Kitty staggered and fell straight into the lap of the person in the command chair of the
Simonides
. She'd barely opened one eye and squinted at his name badge, Captain Duran, when she was seized from behind by someone much bigger and stronger than she was. She briefly considered struggling, but then added up what had just happened. She was on board the
Simonides
. How the hell had that happened? All she'd done was to think, for a moment, that the
Simonides
looked so real.

She relaxed into her captor without struggling. For the moment, play dumb. See how this worked out.

“What the hell . . .” Duran spat out. “Mulligan, hold her.” He turned to the Nav Station. “Casey, status.”

“We're in realspace, Captain. Benjamin did it.” The Navigator, female, fortyish, turned and grinned at him. “He did it.”

“Position?”

“Not sure. Give me . . . Oh, bastard. Sorry, Captain. Halfway to the Rim. Closest system gate is fifteen days away. Romanov Hub.”

Kitty saw Duran's jaw clench.

“Captain Duran?” Cara broadcast from
Solar Wind
.

Kitty listened to the exchange between Benjamin and Duran. She'd thought Benjamin a bit of a nut with his theories about foldspace, but now she wasn't so sure.

*Kitty?*
Cara sent that thought just for her.

Finally they'd missed her!

And now Benjamin was banging on about reality in the Folds. After what just happened, she barely knew what was real and what wasn't.

She'd think about Benjamin's theory later. In the meantime she needed to get back to
Solar Wind
.

Captain Duran was still blinking in disbelief.

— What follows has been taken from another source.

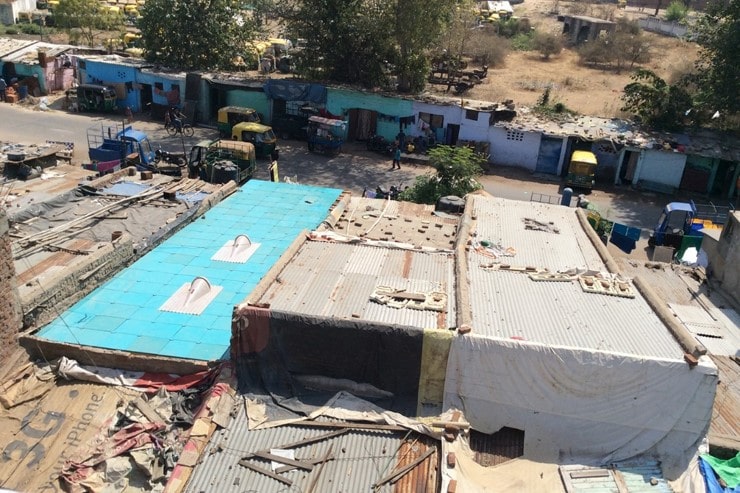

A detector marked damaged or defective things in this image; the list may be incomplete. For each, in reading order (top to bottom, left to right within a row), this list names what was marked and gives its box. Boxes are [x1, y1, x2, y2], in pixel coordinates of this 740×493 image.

She gave her name and her Alphacorp ID twice before he took note of it. “Ensign Keely, I should engage
Solar Wind
, but the circumstances are somewhat unusual.”

“Don't go head-to-head with Benjamin, sir, you'd lose.
Solar Wind
has modifications.”

Not strictly true. She didn't actually know who'd win in a straight shoot-out, but she needed Benjamin in order to stay on the inside of what was happening on Olyanda. The platinum was more important than Benjamin and his psi-techs. Besides, she had to admit that they weren't actually guilty of most of the crimes they'd been charged with. If the psi-techs were guilty of anything it was making the most out of a rough deal.

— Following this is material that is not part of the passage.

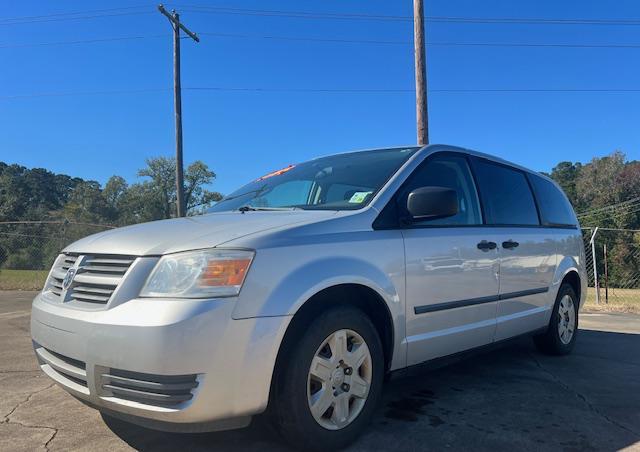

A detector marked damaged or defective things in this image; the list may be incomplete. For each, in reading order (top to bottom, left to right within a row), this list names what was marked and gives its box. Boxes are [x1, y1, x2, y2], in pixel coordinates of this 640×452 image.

cracked asphalt [1, 292, 640, 450]
pavement crack [528, 354, 640, 438]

“I know Benjamin,” she said. “He won't come out shooting unless you do. He could have left you in the Folds if he'd wanted you dead. Besides, could you even begin to write this up?”

He looked thoughtful.

“How about you just send me back and we don't complicate matters?”

The mechanical comm rattled into life.

“Well, now this is awkward,” Captain Duran said. “We appear to have one of your crew. I don't know how, and I don't want to know.”

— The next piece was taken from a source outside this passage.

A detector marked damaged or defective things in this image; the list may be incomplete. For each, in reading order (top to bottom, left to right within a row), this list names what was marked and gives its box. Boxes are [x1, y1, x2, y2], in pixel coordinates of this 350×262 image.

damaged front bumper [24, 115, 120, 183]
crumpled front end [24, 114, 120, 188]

“On screen,” Ben said, and the image of
Simonides'
bridge flickered and stabilized. Kitty stood just behind the captain with a tall corpsman obviously on guard.

Ben touched his vox. “What are your intentions, Duran?”

“I intend to get back to base as quickly as possible without recording an incident which will count against me next time I have a psych evaluation. As far as my log goes
Solar Wind
dragged us out of foldspace just like she dragged us in.”

“And Miss Keely?”

“Ensign Keely is an Alphacorp employee.”

“She is in our care. Check your records. There's no warrant out for her.”

“So I note, or she'd be in the brig already and we wouldn't be having this conversation.”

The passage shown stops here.